### What is expected
Every record should be restated exactly, with no images included.

[Stored items from a collection]
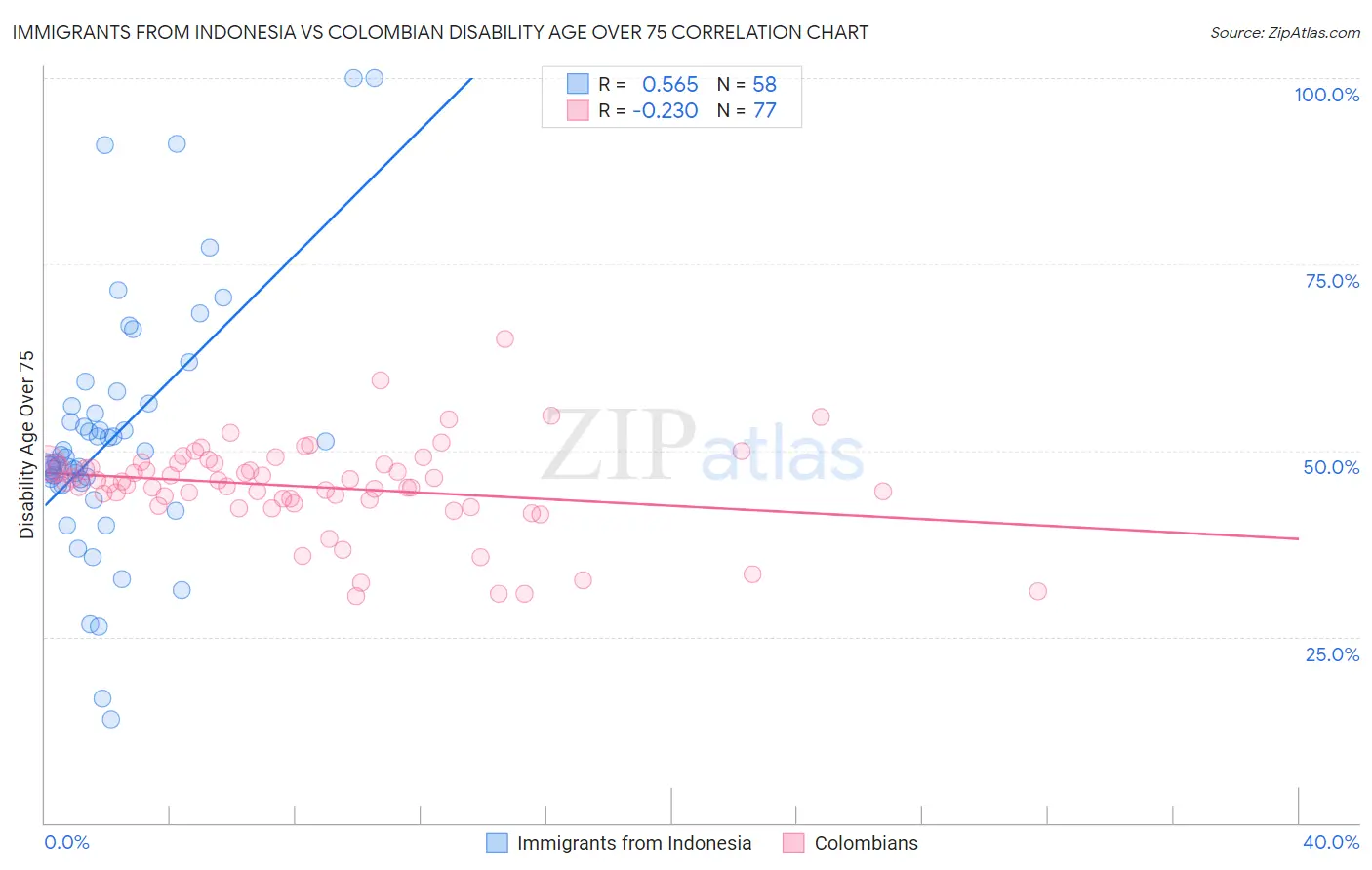 Immigrants from Indonesia vs Colombian Disability Age Over 75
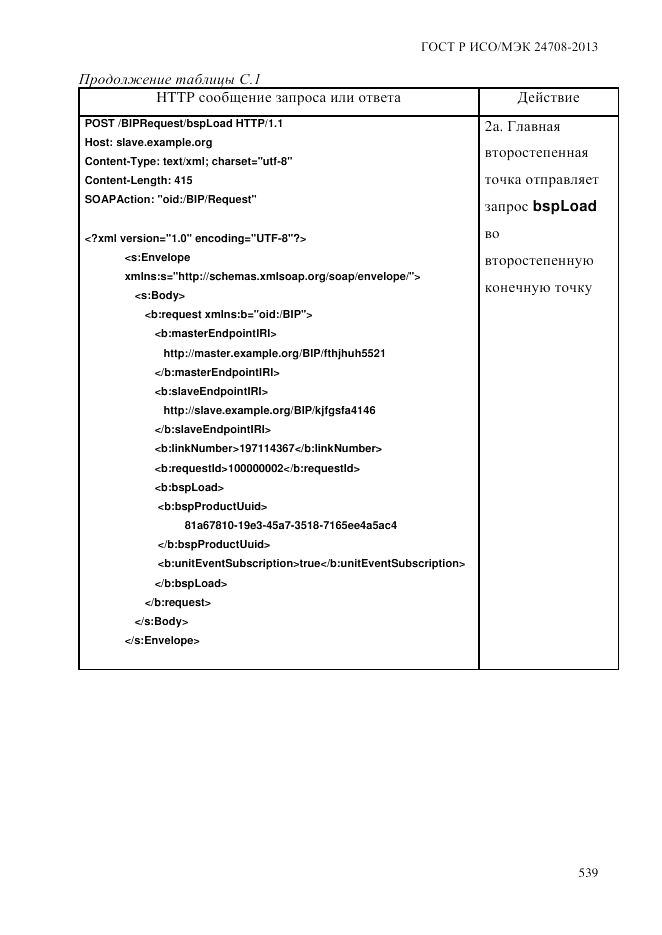 ГОСТ Р ИСО/МЭК  24708-2013, страница 553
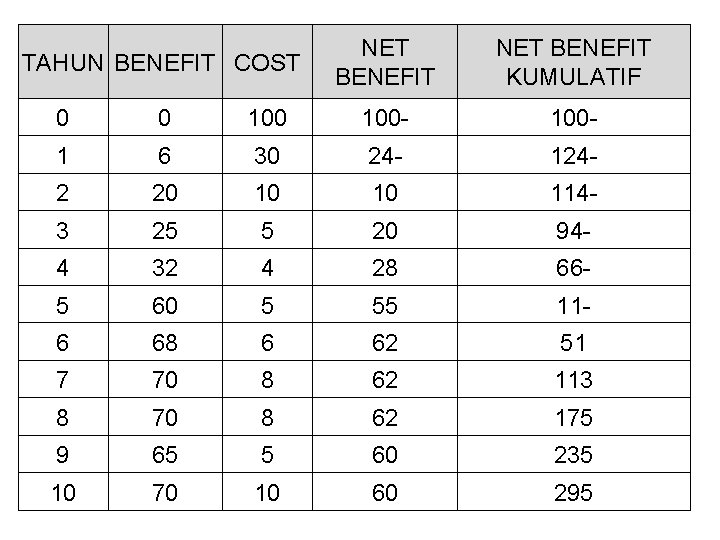 TAHUN BENEFIT COST NET BENEFIT KUMULATIF 0 0 100 - 1 6 30 24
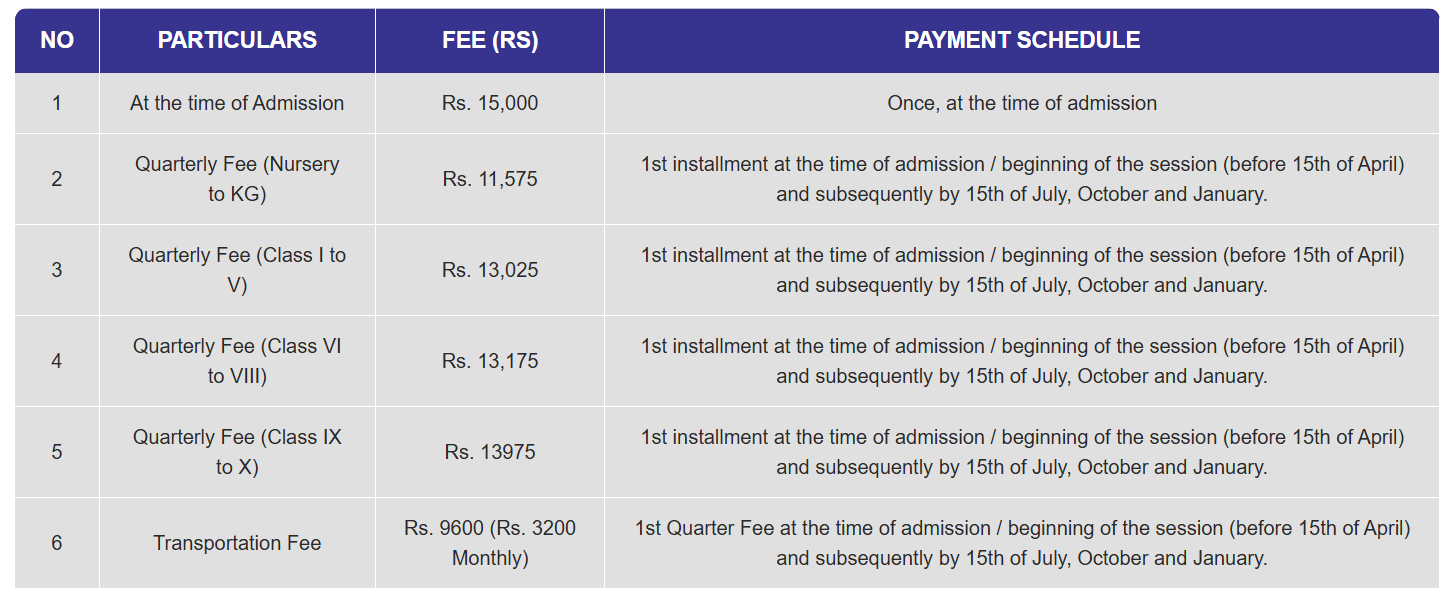 Fee structure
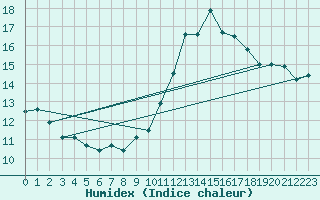 Courbe de l'humidex pour Ste (34)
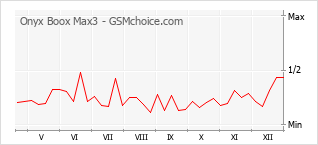 Gráfico de los cambios de popularidad Onyx Boox Max3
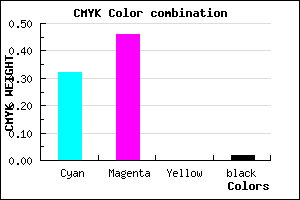 #AA87F9 color CMYK mixer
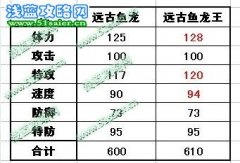 賽爾號(hào)魚龍王種族值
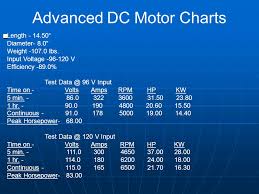 Advanced Dc Motor Ppt Video Online Download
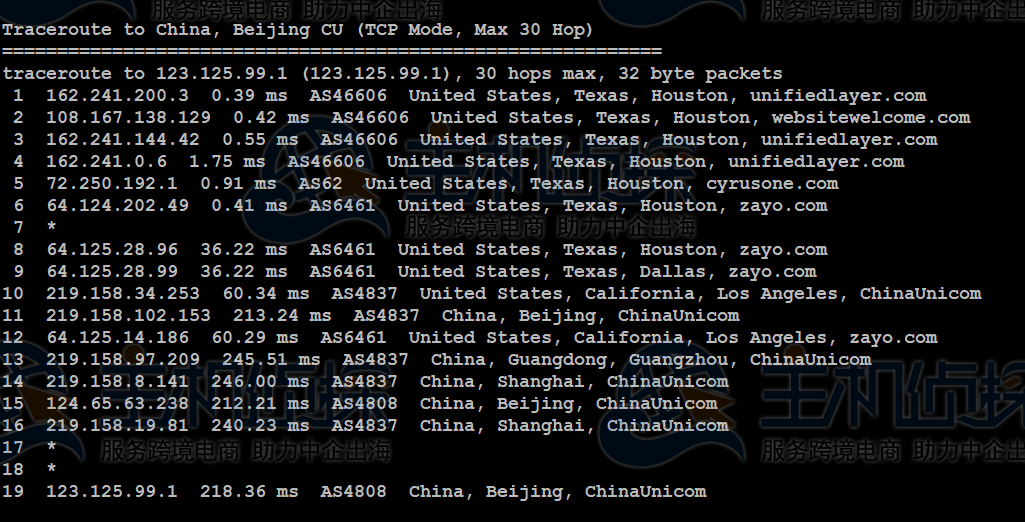 BlueHost云VPS主机评测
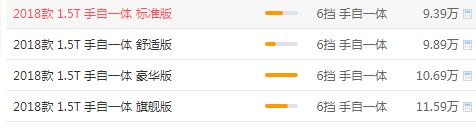 君马s70手自一体价格 起落地价不到10万性价比高（报价：9.39万）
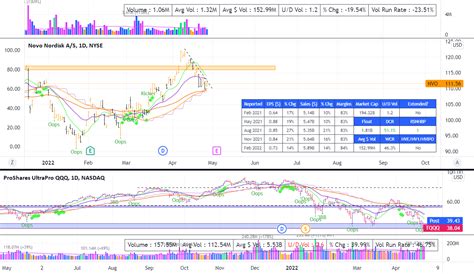 NVO for NYSE:NVO by kenhuangsy2 — TradingView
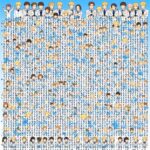 動物の名前が入った有名人一覧とそのエピソード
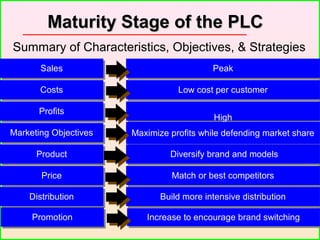 SalesSales
CostsCosts
ProfitsProfits
Marketing ObjectivesMarketing Objectives
ProductProduct
PricePrice
PeakPeak
Low cost per customerLow cost per customer
HighHigh
Maximize profits while defending market shareMaximize profits while defending market share
Diversify brand and modelsDiversify brand and models
Match or best competitorsMatch or best competitors
DistributionDistribution Build more intensive distributionBuild more intensive distribution
PromotionPromotion Increase to encourage brand switchingIncrease to encourage brand switching
Summary of Characteristics, Objectives, & Strategies
Maturity Stage of the PLCMaturity Stage of the PLC
 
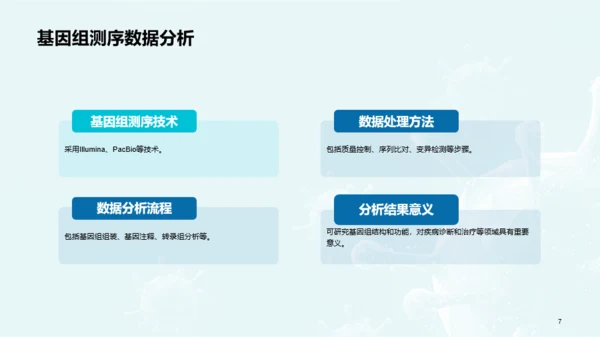 蓝色创意基因与生物学毕业答辩PPT模板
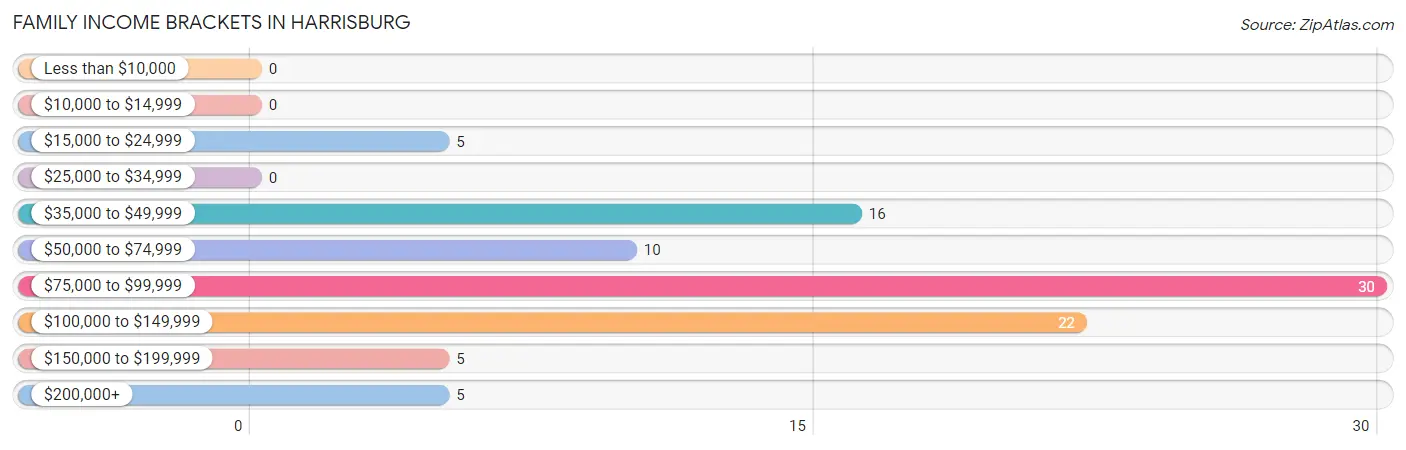 Family Income Brackets in Harrisburg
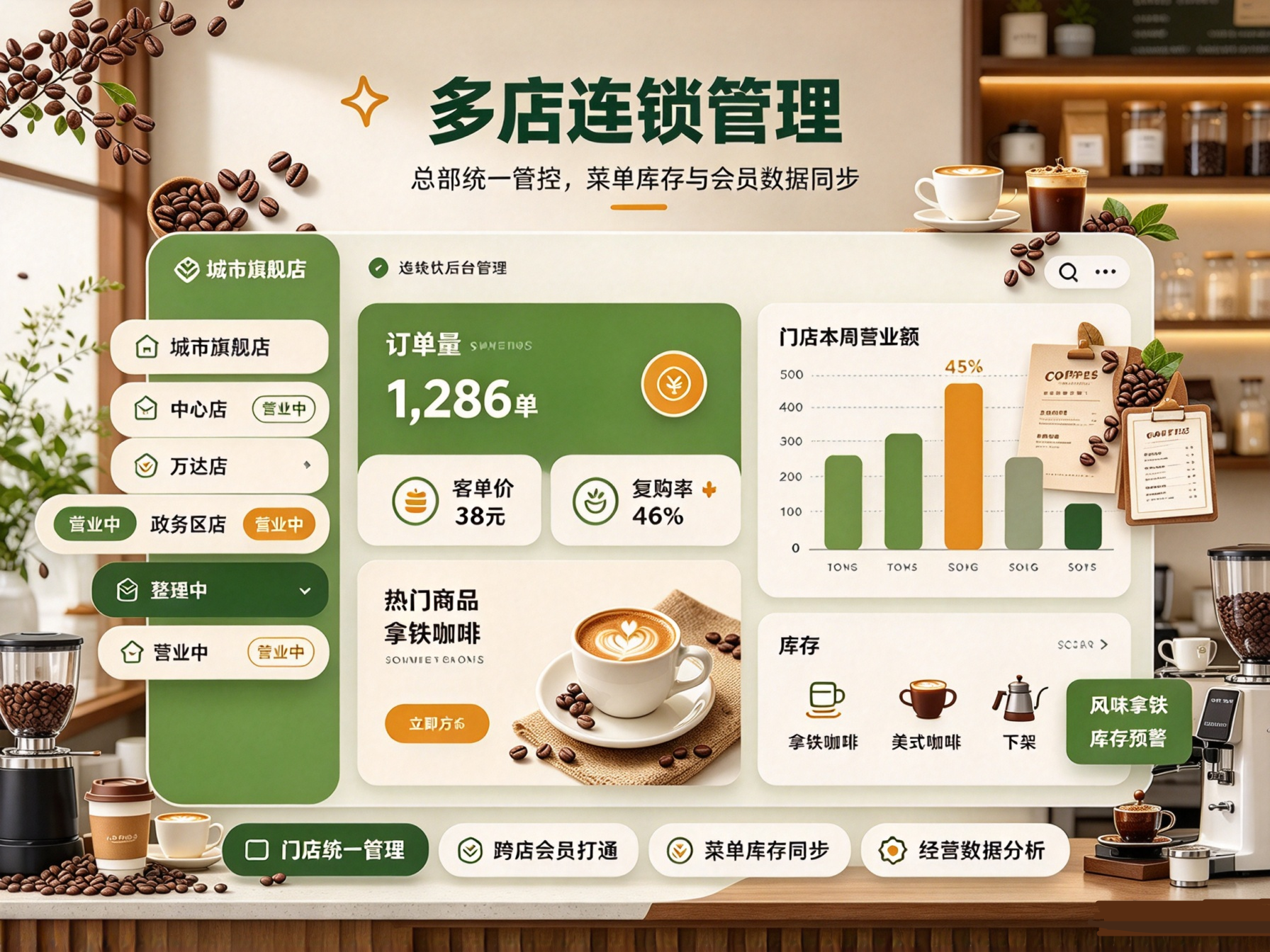 小程序门店切换页面，城市筛选、附近门店列表、门店排队状态卡片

### Task response
 Immigrants from Indonesia vs Colombian Disability Age Over 75
 ГОСТ Р ИСО/МЭК  24708-2013, страница 553
 TAHUN BENEFIT COST NET BENEFIT KUMULATIF 0 0 100 - 1 6 30 24
 Fee structure
 Courbe de l'humidex pour Ste (34)
 Gráfico de los cambios de popularidad Onyx Boox Max3
 #AA87F9 color CMYK mixer
 賽爾號(hào)魚龍王種族值
 Advanced Dc Motor Ppt Video Online Download
 BlueHost云VPS主机评测
 君马s70手自一体价格 起落地价不到10万性价比高（报价：9.39万）
 NVO for NYSE:NVO by kenhuangsy2 — TradingView
 動物の名前が入った有名人一覧とそのエピソード
 SalesSales
CostsCosts
ProfitsProfits
Marketing ObjectivesMarketing Objectives
ProductProduct
PricePrice
PeakPeak
Low cost per customerLow cost per customer
HighHigh
Maximize profits while defending market shareMaximize profits while defending market share
Diversify brand and modelsDiversify brand and models
Match or best competitorsMatch or best competitors
DistributionDistribution Build more intensive distributionBuild more intensive distribution
PromotionPromotion Increase to encourage brand switchingIncrease to encourage brand switching
Summary of Characteristics, Objectives, & Strategies
Maturity Stage of the PLCMaturity Stage of the PLC
 
 蓝色创意基因与生物学毕业答辩PPT模板
 Family Income Brackets in Harrisburg
 小程序门店切换页面，城市筛选、附近门店列表、门店排队状态卡片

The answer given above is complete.